__What you will do__:
Exactly reproduce the lines from the one containing "Geometric Mandala Graphic Print Mens T-Shirt" through the last line of the data, both ends included, leaving out pictures.

Brief descriptive captions

_ _ _ _

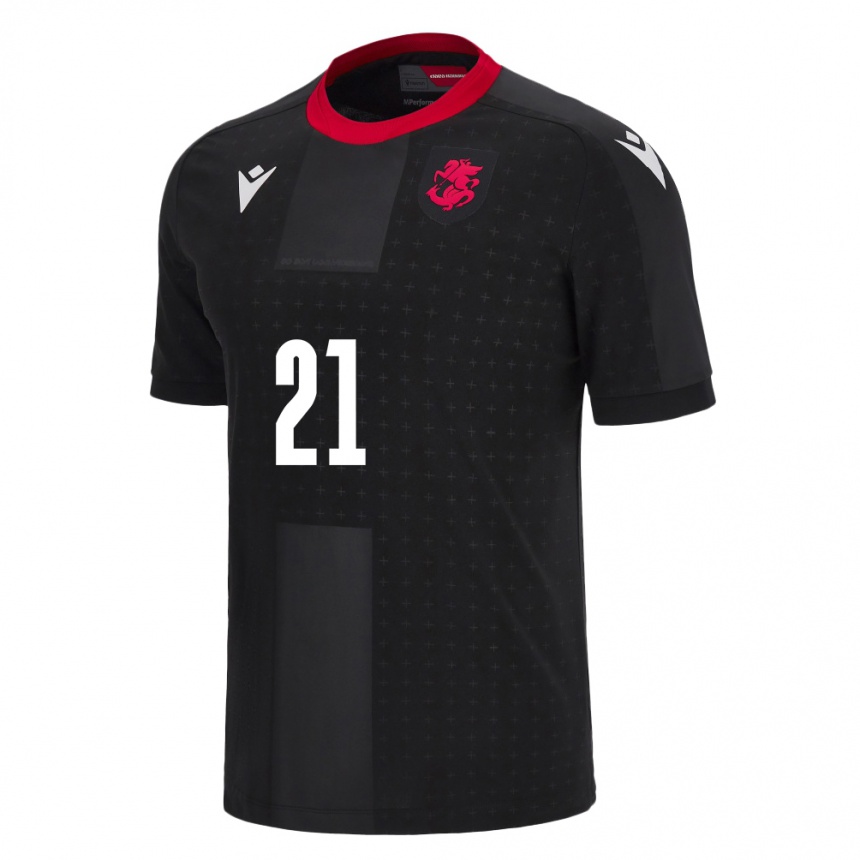 Kids Football Georgia Georgiy Tsitaishvili #21 Black Away Jersey 24-26 T-Shirt Canada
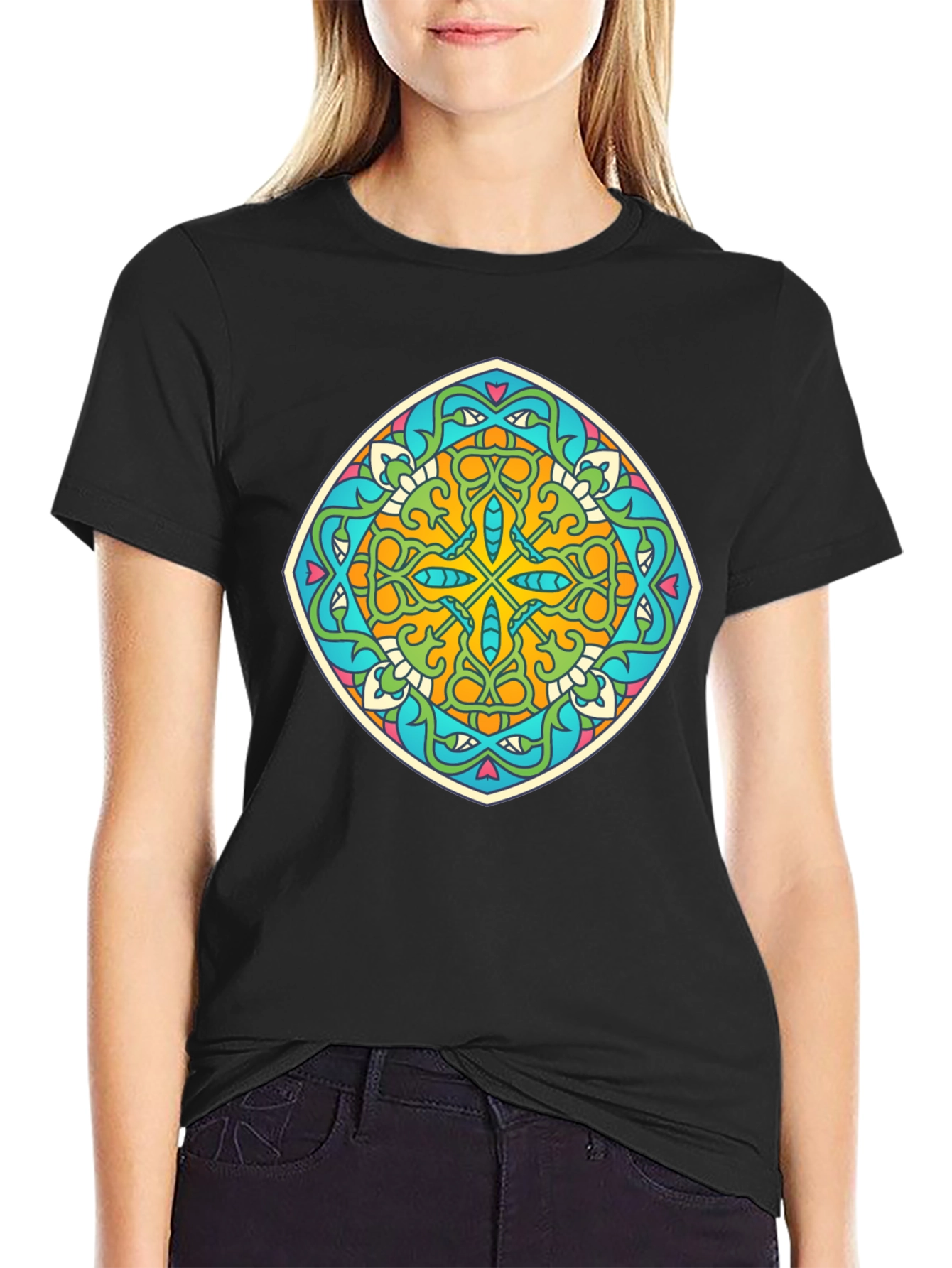 Geometric Mandala Graphic Print Mens T-Shirt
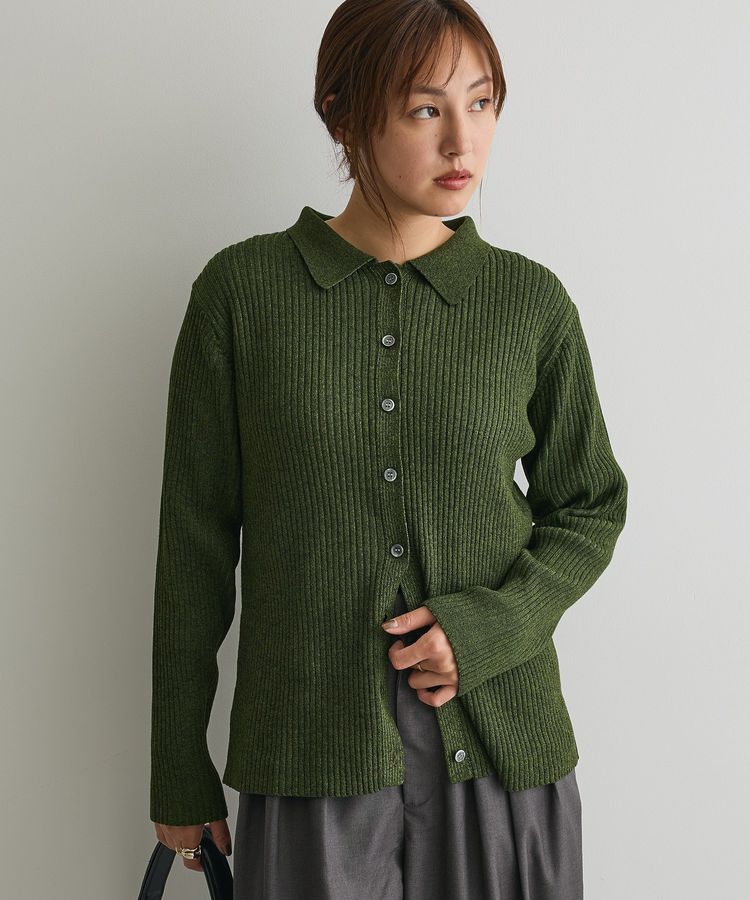 ミックスカラーポロ襟ニットカーディガン/CRAFT STANDARD BOUTIQUE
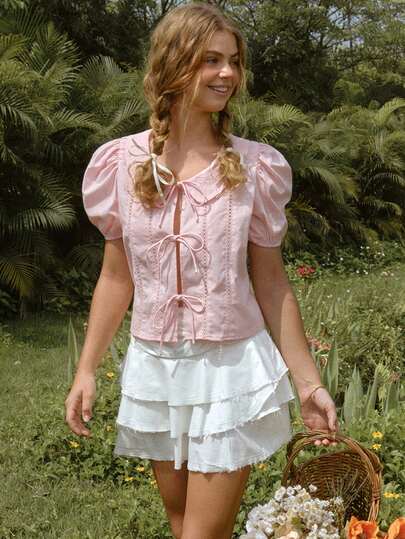 WESTFADE 100% Cotton Floral Embroidered Collar Tie Front Short Puff Sleeve Top, Festival, Pink Top, Women's Country Clothing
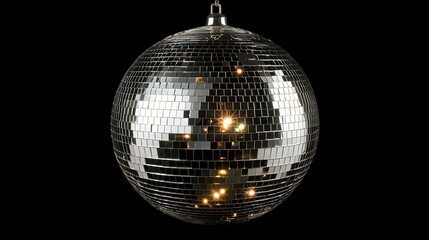Obraz premium A shiny disco ball reflecting small light fragments.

_ _ _ _

__Solution to this task__:
 Geometric Mandala Graphic Print Mens T-Shirt
 ミックスカラーポロ襟ニットカーディガン/CRAFT STANDARD BOUTIQUE
 WESTFADE 100% Cotton Floral Embroidered Collar Tie Front Short Puff Sleeve Top, Festival, Pink Top, Women's Country Clothing
Obraz premium A shiny disco ball reflecting small light fragments.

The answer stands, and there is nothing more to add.